Die Gefahr lauert in den UV-Strahlen:
Die UV-Strahlen, die sich nochmals in die drei Unterklassen UV-A, UV-B und UV-C aufspalten lassen, sorgen durch das Eindringen in die Haut und die Veränderung der Gewebestruktur für die so hochgeschätzte Urlaubsbräune, doch bei übertriebenem Sonnenbad kann es auch den unangenehmen Schattenseiten dieser Vorgehensweise kommen - Hautkrebs. Der größte Anteil von UV-Strahlung besteht aus UV-A-Strahlen. Es ist die langwelligste UV-Strahlung. Diese Strahlen dringen bis in die Lederhaut ein und sind auch für vorzeitige Hautalterung verantwortlich. UV-B-Strahlen haben hingegen mit der Bildung von Vitamin D zu tun und sorgen daher auch für den Knochenbau. Ca. 10 % der UV-B-Strahlen erreichen zudem die Basalzellschicht und aktivieren dort Melanozyten zur Bildung von Melanin, dem Hautpigment. Geht man indes ungeschützt in die Sonne, bewirken UV-B-Strahlen in hohen Dosen Sonnenbrand. Die Keratinozyten werden schwer geschädigt, die Zelle sterben ab.

Das richtige Verhalten:
Wie kann man nun die Sonne sicher genießen? Sechs Regeln, die es zu beachten gilt, können für einen sicheren Umgang mit dem Energiespender Sonne sorgen.

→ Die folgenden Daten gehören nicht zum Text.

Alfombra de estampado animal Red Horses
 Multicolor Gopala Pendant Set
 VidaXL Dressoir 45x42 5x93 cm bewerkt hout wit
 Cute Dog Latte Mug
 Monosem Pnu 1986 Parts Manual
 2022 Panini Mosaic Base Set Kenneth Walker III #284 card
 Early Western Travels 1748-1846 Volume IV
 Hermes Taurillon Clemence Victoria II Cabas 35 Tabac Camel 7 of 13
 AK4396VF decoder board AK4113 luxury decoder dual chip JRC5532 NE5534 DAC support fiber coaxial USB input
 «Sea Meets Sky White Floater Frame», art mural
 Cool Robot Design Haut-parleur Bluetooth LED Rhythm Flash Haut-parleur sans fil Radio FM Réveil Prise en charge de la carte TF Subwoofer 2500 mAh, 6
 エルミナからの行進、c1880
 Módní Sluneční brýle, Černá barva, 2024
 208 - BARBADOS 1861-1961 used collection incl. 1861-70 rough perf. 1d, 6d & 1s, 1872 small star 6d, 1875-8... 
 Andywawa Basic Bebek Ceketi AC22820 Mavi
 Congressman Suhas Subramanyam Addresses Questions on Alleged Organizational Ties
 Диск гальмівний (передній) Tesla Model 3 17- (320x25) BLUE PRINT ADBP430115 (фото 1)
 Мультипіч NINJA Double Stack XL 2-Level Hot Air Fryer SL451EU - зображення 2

6 Regeln (empfohlen von Piz Buin):
1. Eine qualitativ gute Sonnencreme vermindert Hautschäden. Achten Sie darauf, dass Ihre Sonnencreme über breite UVB-Filter (gegen Sonnenbrand) und UVA-Filter (gegen frühzeitige Hautalterung) verfügt.

2. Den richtigen Sonnenschutzfaktor (SPF) für Ihren Hauttyp wählen. Der auf dem Produkt ausgewiesene Schutzfaktor (SPF) dient als theoretische Richtlinie zur Ermittlung des richtigen Sonnenschutzes für Ihren Hauttyp. Wenn Sie beispielsweise 15 Minuten in der Sonne sein können, ohne sich zu verbrennen, verfügen Sie über eine Eigenschutzzeit von 15 Minuten. Zur Berechnung Ihrer Aufenthaltszeit in der Sonne multiplizieren Sie den ausgewiesenen Schutzfaktor (SPF) mit Ihrer individuellen Schutzzeit: wenn Ihre Eigenschutzzeit 15 Minuten beträgt und Sie einen Sonnenschutzfaktor (SPF) 8 verwenden, können Sie sich für 120 Minuten (15x8) in der Sonne aufhalten, ohne sich zu verbrennen. Falls Sie nicht sicher sind, welchen Schutzfaktor (SPF) Sie verwenden sollten, fragen Sie bitte einen Experten.

3. Intensive Sonneneinstrahlung zwischen 11:00 und 15.00 Uhr vermeiden. Empfindliche Hautstellen wie die Augen, Lippen und Schultern mit einem höheren Schutzfaktor besonders gut schützen.

4. Sonnenschutz 30 Minuten vor den Aktivitäten in der Sonne auftragen – so kann das Produkt gut in die Haut einziehen. Wiederholen Sie die Anwendung regelmäßig (alle zwei Stunden) während des ganzen Tages.

5. Tragen Sie jeden Tag Sonnencreme auf. Die UV-Strahlen dringen auch bei bewölk-tem Himmel, Nebel und an schattigen Orten durch. Auch Textilien sind UV-Strahlen durchlässig.

6. Schützen Sie Ihren Kopf, indem Sie eine Kopfbedeckung tragen. Bei Sonnenbrillen darauf achten, dass die Linsen über einen UV-Schutz verfügen.